In order to provide more reliable and efficient service, the electric power delivery system is incorporating an ever increasing amount of data transfer, with communications occurring over a wide array of systems. Massoud Amin, University of Minnesota, noted that the systems have become so intertwined that operators may forget where the data is coming from, citing an anecdote of a power plant operator who was receiving all of his commands over the internet. Granger Morgan, CMU, pointed out that while adding more points of intelligent control can add capacity, stability, and flexibility, it also adds more entry points for cyberattack. Paul Nielsen, Software Engineering Institute, CMU, asked a question about the conundrum facing utilities today: What risk are you willing to accept for capability?
While the sophistication of cyberattacks is increasing, the level of technical knowledge necessary for the attack is decreasing according to both Dr. Nielsen and Patricia Hoffman, DOE (Figure 3-1). Joseph McClelland, FERC, noted that the power sector is an increasing target for cyberattacks, both in the United States and abroad. Stressing the ubiquitous nature of cyberattacks, Terry Boston, PJM Interconnection, recalled a common saying: “There are two types of people: those who’ve been attacked, and those who don’t know they’ve been attacked.” With such attacks becoming commonplace, it is crucial to understand where the underlying vulnerabilities lie in the electric power delivery system.
Galen Rasche, Electric Power Research Institute (EPRI), described the new world that is emerging—just as critical infrastructure has become increasingly integrated with the electric power system, so too has the grid become more reliant upon the communications network (Figure 3-2). An increasing number of sensors applied to the grid allows for both improved flexibility and increasing automation. However, Mr. McClelland noted that such an increase in automation increases the number of on-ramps for cyberattacks. And as Mr. Rasche pointed out, this increased integration with the communications infrastructure can leave the grid vulnerable, as layer upon layer of connectedness results in an increasing amount of trust placed in suppliers.
The legacy systems common in transmission and distribution systems often communicate via insecure protocols, according to Mr. Rasche. One of the biggest challenges in securing this legacy hardware is the fact that these very protocols are created through standards organizations, and such processes are, by design, very slow to change. Therefore, more robust network, system, and security management protocols are necessary for transmission and distribution systems to identify the types of security faults common to antiquated hardware.

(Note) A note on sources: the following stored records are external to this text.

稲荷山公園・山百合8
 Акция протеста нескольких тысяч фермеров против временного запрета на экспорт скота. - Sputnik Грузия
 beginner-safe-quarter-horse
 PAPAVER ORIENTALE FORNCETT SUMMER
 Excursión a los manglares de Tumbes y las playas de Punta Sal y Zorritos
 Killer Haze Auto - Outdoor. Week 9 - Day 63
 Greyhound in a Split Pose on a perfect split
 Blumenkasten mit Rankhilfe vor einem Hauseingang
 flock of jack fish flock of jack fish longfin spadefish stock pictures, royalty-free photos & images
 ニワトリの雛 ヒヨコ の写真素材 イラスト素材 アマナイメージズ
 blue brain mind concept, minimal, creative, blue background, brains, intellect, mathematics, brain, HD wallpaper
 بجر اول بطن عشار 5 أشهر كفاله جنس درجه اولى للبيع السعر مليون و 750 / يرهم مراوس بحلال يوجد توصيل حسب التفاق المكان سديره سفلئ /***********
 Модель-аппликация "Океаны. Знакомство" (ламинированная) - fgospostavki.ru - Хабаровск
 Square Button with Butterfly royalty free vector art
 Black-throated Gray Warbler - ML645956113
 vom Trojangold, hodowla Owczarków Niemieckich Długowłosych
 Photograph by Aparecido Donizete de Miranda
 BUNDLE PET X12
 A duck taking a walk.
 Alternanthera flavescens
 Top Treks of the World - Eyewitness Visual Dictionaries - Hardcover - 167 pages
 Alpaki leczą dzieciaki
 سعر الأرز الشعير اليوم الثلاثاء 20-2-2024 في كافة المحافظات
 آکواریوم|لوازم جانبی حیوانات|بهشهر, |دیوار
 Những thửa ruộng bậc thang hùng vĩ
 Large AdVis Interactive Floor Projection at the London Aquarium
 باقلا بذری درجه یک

FIGURE 3-1 Average intruder knowledge and attack sophistication as a function of time. SOURCE: Presented at the workshop by Patricia Hoffman, Department of Energy, February 27, 2013; from Howard Lipson, Carnegie Mellon University (CMU) Software Engineering Institute CERT®. Copyright 1998-2011. This CMU and Software Engineering Institute material is furnished on an “as-is” basis. CMU makes no warranties of any kind, either expressed or implied, as to any matter including, but not limited to, warranty of fitness for purpose or merchantability, exclusivity, or results obtained from use of the material. CMU does not make any warranty of any kind with respect to freedom from patent, trademark, or copyright infringement.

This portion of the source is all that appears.